## Activity
Everything in the records below from the line containing "Porsche 911 PORSCHE 911 993 CARRERA 4" through the line containing "demanda por transporte" is to be reproduced exactly, those two lines included; no picture is to be copied.
--- Input Enclosed Below ---
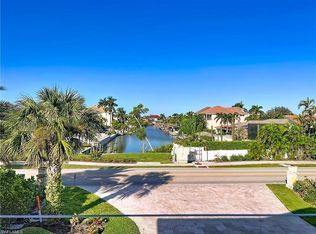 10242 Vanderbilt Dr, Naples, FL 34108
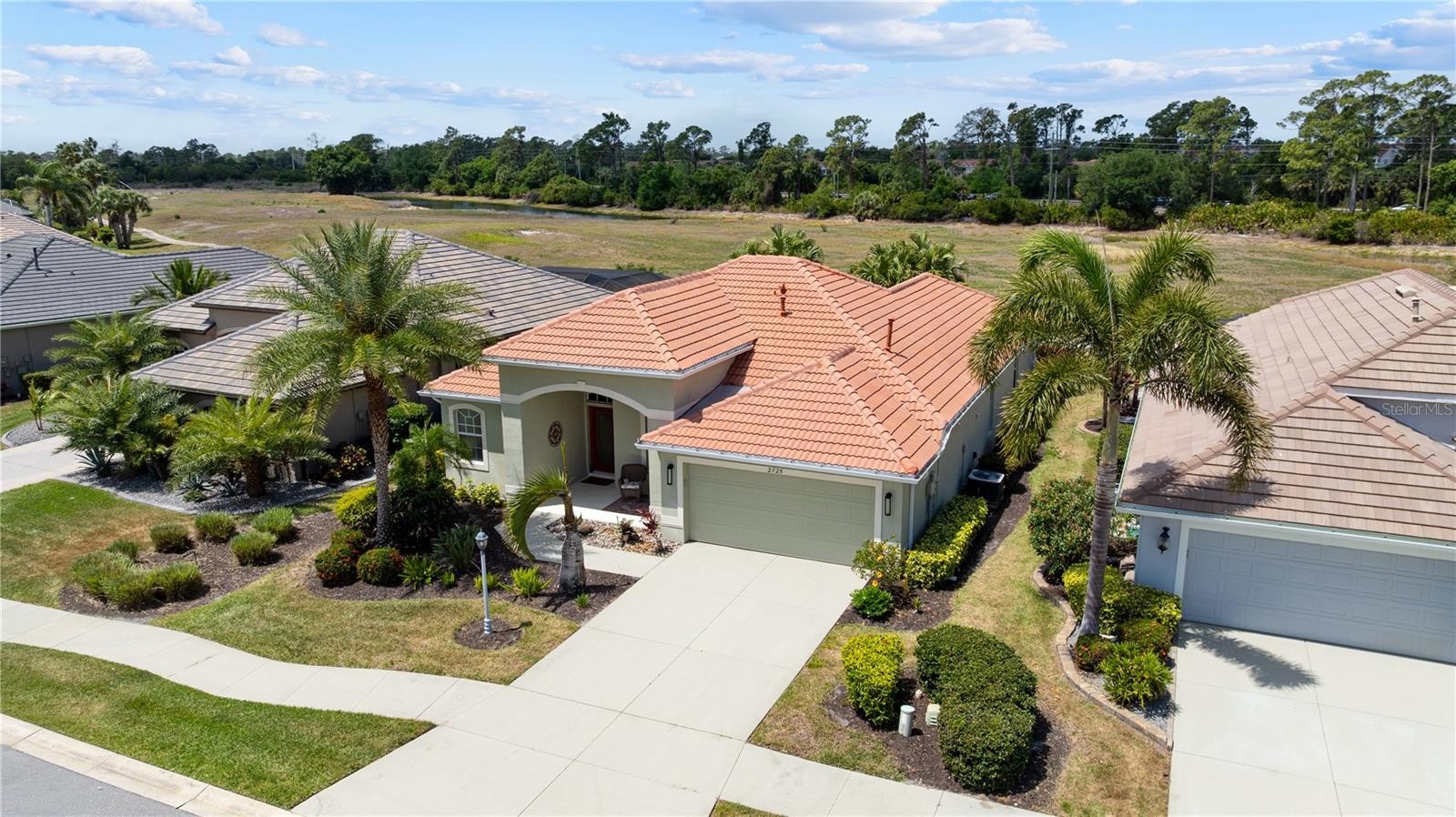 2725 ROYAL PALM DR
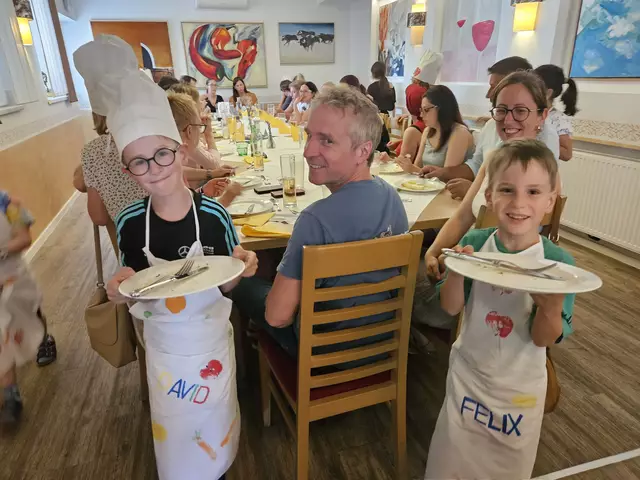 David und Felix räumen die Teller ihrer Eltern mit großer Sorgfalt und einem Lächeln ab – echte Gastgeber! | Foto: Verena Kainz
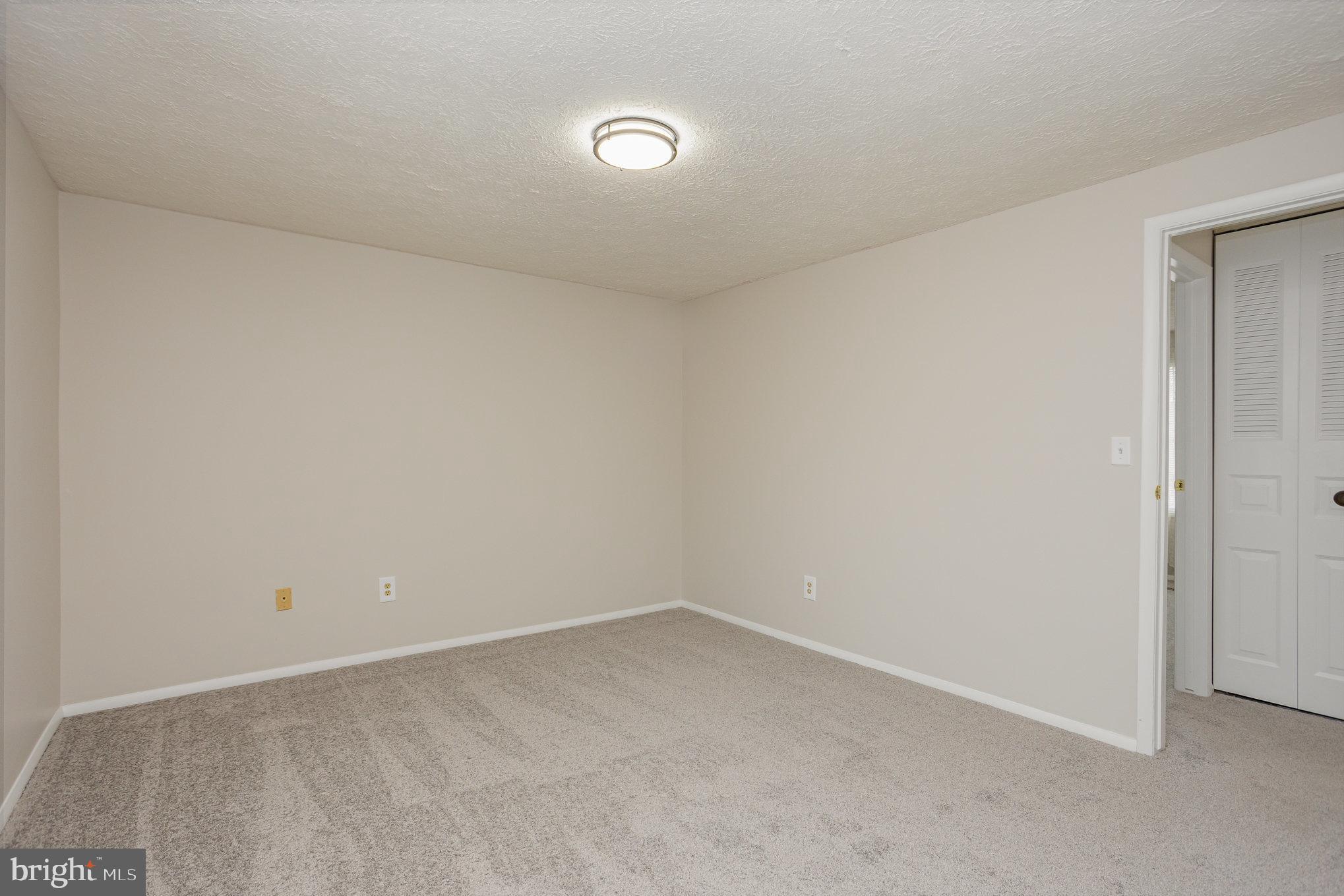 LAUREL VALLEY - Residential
--- End of Enclosed Input ---
--- Input Enclosed Below ---
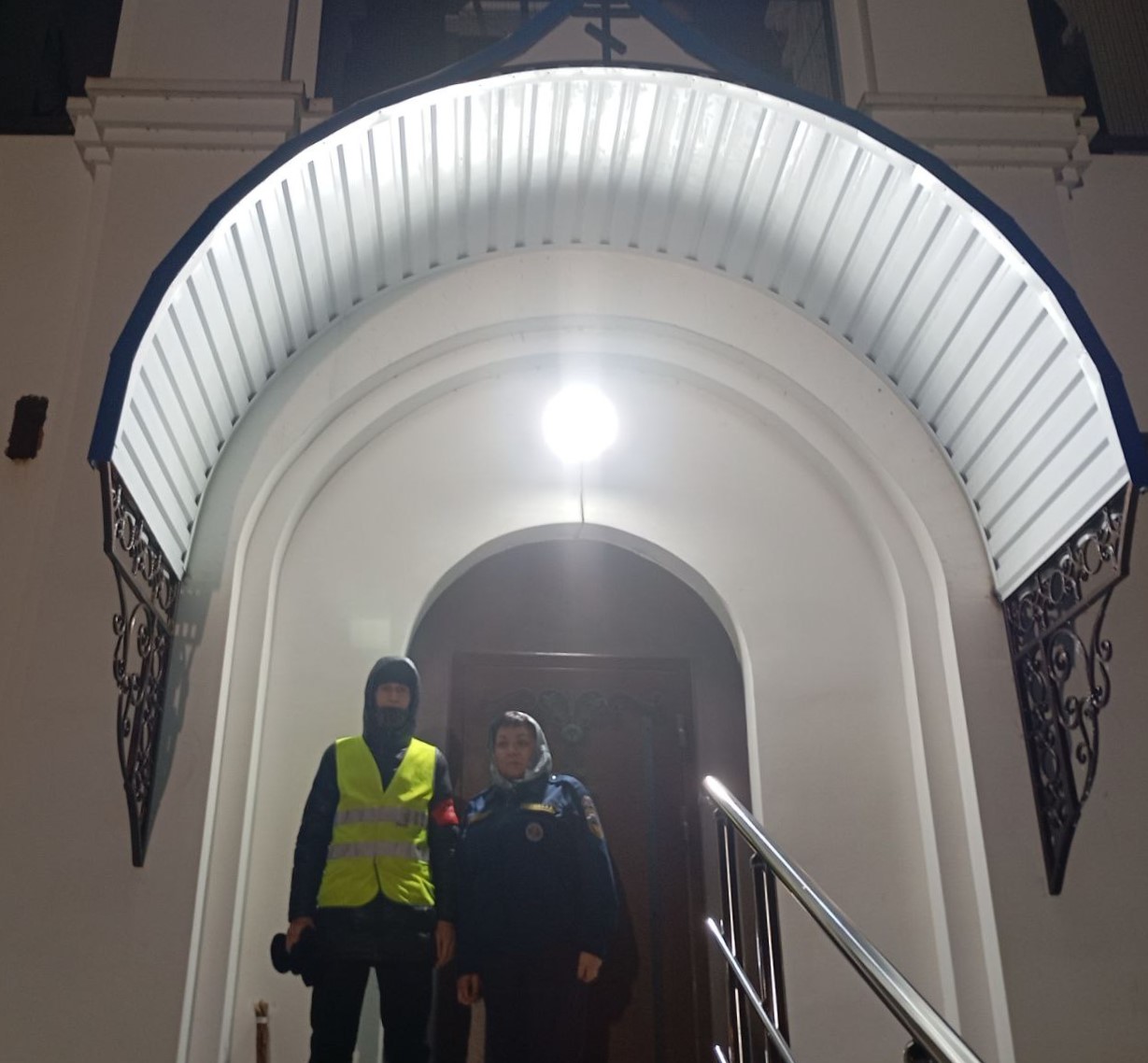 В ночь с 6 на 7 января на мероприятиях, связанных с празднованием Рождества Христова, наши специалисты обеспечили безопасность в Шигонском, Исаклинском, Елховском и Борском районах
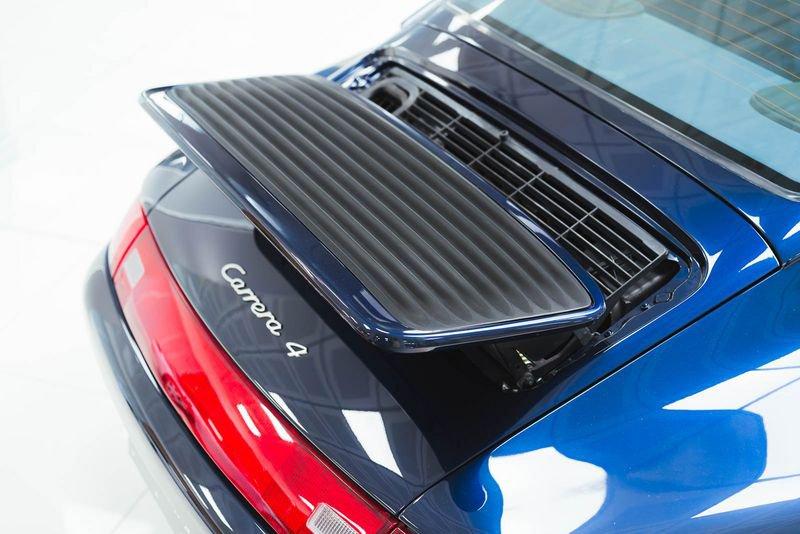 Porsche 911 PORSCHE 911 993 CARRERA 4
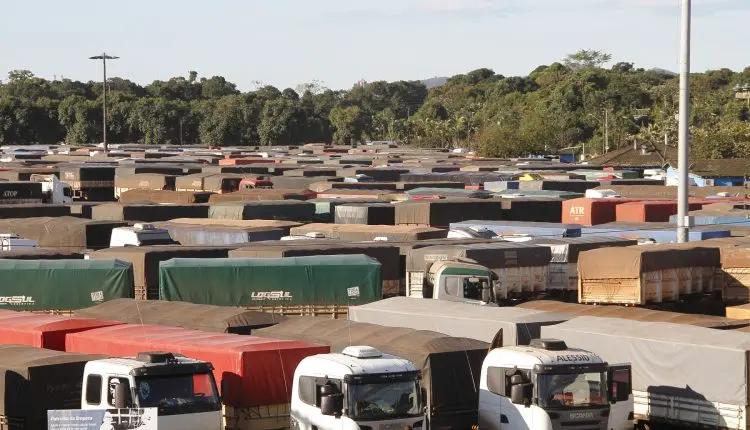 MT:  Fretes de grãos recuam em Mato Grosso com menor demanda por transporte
--- End of Enclosed Input ---
## Final answer
 Porsche 911 PORSCHE 911 993 CARRERA 4
 MT:  Fretes de grãos recuam em Mato Grosso com menor demanda por transporte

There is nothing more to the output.